--- START ---

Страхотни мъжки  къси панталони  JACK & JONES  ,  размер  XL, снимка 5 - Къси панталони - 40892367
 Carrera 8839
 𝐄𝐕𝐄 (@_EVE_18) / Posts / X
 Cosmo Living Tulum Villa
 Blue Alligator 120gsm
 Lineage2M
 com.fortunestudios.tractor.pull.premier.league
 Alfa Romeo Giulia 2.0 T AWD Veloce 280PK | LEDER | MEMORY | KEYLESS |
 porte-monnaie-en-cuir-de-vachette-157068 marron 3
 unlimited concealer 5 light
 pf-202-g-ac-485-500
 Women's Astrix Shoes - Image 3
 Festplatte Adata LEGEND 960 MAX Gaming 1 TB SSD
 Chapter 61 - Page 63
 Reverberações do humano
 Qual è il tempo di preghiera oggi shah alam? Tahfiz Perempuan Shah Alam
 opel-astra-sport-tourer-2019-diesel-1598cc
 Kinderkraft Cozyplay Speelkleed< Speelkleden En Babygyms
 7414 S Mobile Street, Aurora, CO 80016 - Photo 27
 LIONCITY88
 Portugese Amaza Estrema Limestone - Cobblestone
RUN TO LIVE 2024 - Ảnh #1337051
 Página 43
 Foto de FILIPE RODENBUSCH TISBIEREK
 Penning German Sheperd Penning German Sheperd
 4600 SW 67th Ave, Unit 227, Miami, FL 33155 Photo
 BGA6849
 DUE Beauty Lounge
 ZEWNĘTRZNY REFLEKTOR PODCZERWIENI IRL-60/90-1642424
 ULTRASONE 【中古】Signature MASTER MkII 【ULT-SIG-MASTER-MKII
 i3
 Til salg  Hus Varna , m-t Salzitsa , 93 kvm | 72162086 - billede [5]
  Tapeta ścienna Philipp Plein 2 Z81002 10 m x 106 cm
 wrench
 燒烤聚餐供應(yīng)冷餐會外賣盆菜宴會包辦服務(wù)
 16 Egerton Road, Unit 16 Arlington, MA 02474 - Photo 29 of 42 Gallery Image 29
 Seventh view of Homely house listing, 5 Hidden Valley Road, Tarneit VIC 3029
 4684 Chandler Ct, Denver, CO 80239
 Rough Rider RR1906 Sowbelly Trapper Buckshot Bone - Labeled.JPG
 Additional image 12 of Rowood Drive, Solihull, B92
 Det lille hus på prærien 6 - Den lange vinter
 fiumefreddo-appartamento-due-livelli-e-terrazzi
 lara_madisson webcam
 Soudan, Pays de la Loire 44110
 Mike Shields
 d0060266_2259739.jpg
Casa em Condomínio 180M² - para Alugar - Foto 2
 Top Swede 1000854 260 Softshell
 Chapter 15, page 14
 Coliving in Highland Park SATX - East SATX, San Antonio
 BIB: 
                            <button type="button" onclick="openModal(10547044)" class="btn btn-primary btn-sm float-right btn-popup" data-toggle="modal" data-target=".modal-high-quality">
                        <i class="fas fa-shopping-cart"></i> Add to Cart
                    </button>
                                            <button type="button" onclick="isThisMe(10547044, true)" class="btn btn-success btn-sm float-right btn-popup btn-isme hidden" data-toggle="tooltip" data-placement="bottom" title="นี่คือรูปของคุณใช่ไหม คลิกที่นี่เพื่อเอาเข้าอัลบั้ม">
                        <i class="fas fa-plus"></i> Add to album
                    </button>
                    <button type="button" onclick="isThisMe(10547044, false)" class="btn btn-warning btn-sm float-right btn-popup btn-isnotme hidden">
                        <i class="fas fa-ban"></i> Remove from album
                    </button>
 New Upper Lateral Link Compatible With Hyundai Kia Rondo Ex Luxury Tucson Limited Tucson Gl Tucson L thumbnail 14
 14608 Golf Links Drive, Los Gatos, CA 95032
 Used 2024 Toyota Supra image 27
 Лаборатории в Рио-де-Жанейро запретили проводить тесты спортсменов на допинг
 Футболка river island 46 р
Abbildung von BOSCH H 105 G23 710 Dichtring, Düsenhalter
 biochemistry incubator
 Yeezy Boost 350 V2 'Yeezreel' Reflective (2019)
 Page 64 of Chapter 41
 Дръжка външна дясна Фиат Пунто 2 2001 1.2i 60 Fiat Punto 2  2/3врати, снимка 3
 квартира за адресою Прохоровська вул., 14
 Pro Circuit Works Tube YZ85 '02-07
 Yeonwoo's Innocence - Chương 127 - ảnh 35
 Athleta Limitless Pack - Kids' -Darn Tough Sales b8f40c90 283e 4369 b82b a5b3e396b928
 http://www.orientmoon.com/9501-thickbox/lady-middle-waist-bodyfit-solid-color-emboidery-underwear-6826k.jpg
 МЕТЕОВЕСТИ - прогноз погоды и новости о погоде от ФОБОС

--- END ---

**Work to be completed**.
Take from the material above the lines running from the one with "Футболка river island 46 р" through the one with "Pro Circuit Works Tube YZ85 '02-07", and repeat them exactly, with nothing else.

**Task response**.
 Футболка river island 46 р
Abbildung von BOSCH H 105 G23 710 Dichtring, Düsenhalter
 biochemistry incubator
 Yeezy Boost 350 V2 'Yeezreel' Reflective (2019)
 Page 64 of Chapter 41
 Дръжка външна дясна Фиат Пунто 2 2001 1.2i 60 Fiat Punto 2  2/3врати, снимка 3
 квартира за адресою Прохоровська вул., 14
 Pro Circuit Works Tube YZ85 '02-07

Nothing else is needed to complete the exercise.